Bariatric procedures
All patients were evaluated by an extensive pre-operative multidisciplinary committee according to the National Institutes of Health recommendations (gastrointestinal surgery NIH 1991, HAS recommendations 2009). Bariatric procedures were standardized and done
laparoscopically.SG procedure consists of the removal of 80% of the stomach by discarding
the greater curvature and the entire fundus of the stomach. RYGB consisted of a small gastric
pouch (30 cc), a 150 cm alimentary limb, and a 50 cm biliary limb.
Biochemical measurements
Clinical and biological data were measured preoperatively and 6 months after bariatric surgery.
All the blood samples were collected in the morning, after at least 12 hours of fasting. All
plasma PCSK9 concentrations were determined using a commercially available ELISA kit
7
in accredited biochemical laboratories of each hospital, using enzymatic methods. LDL-C was calculated using the Friedewald formula. Non-HDL-C was calculated with this formula: total cholesterol - HDL-C. HOMA-IR was calculated with the following formula: (fasting insulinemia (µUI/mL) * fasting blood glucose(mmol/L))/22.5 [26]. QUICKI was calculated as:
(1/(log(fasting insulinemia (µUI/mL)) + log(fasting blood glucose(mmol/L))) [27]. The weight
loss was expressed as percent of total weight loss (%TWL).
Ethics statement
The study was conducted according to the principles of the Declaration of Helsinki and in
compliance with the international Conference on Harmonization/Good Clinical Practice
regulations. According to the French regulatory, the studies has been registrated at “Direction
Générale de la Santé - Ministère de la Santé et des Solidarités” after approval by the Ethics
committee of Colombes (Paris) and CPP Ouest II of Angers with the following number: Nantes
(2006-31) and Colombes (NCT00632671) and Antwerp (LSHM-CT-2005-018734).
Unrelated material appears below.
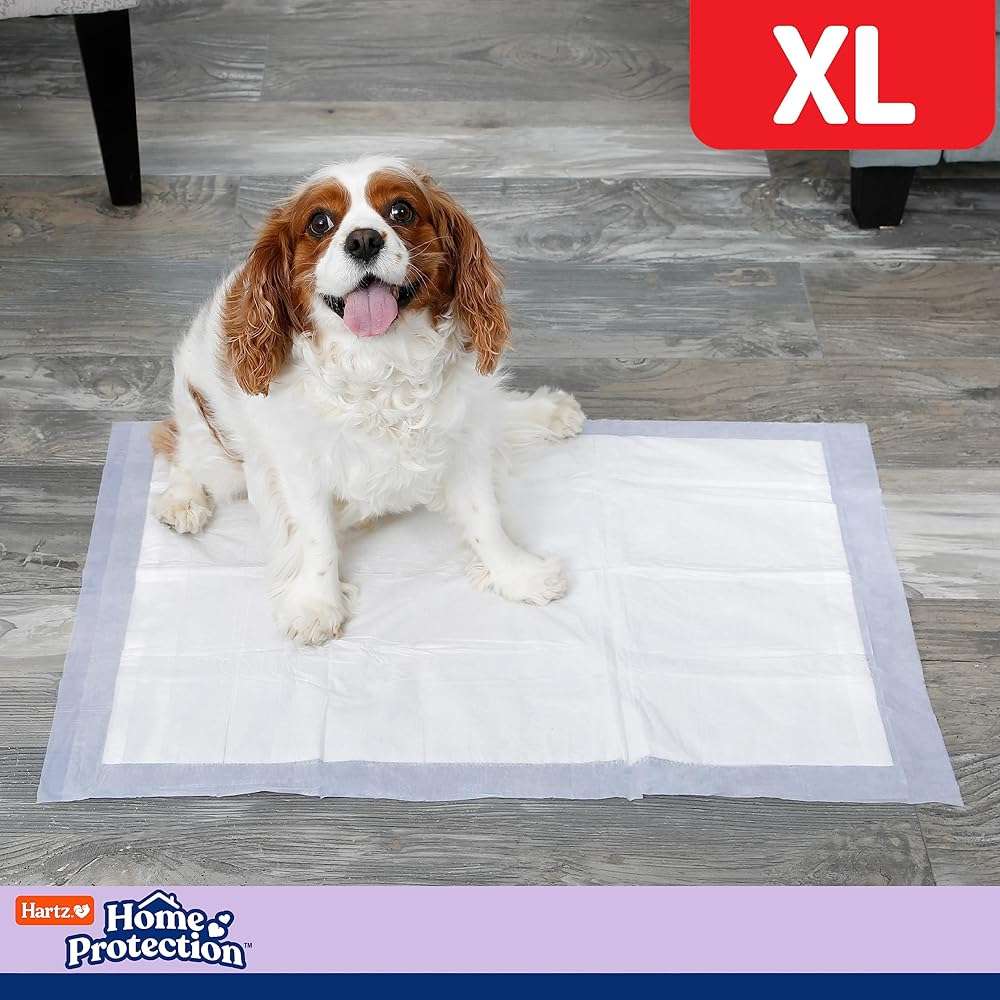Hartz Home Protection Super Absorbent Odor Eliminating Lavender Scented No Leak Dog Pads,XL 30 count - Image 7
For all
patients, a written informed consent was obtained before participating in each study.
Statistical Methods
Baseline characteristics of the population are presented as n (%) for categorical variables and mean ± standard deviations (SD) for quantitative variables. We used Wilcoxon Student’s T-test to compare the distribution of these parameters between baseline and 6 months after surgery. The correlation between PCSK9 levels and its variations with other parameters is described using Spearman’s rank correlation coefficient. A p-value < 0.05 was considered as statistically significant.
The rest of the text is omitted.